Material provided
- Opening Delimiter -

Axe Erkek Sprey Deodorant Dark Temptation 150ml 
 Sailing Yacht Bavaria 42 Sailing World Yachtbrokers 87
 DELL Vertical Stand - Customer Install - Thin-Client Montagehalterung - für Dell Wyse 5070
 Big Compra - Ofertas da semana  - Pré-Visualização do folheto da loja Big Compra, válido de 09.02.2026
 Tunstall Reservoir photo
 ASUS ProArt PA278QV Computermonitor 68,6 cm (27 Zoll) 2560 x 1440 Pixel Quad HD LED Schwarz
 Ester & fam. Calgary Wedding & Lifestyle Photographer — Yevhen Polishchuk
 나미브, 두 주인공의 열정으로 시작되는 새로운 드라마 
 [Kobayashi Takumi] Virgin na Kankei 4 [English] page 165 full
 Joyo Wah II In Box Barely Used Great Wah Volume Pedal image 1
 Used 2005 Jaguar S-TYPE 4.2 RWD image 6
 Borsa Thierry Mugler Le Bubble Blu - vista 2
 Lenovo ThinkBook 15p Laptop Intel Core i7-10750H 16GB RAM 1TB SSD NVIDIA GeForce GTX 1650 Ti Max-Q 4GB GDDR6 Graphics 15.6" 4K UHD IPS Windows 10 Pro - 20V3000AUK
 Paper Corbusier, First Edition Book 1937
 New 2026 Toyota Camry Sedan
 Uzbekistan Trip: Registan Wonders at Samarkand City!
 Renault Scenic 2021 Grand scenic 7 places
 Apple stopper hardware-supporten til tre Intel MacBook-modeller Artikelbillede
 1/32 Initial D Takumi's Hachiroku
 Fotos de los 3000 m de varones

- Closing Delimiter -

Work request
For the string "image", go through the entries above and copy each line where it occurs.

Task result
 Joyo Wah II In Box Barely Used Great Wah Volume Pedal image 1
 Used 2005 Jaguar S-TYPE 4.2 RWD image 6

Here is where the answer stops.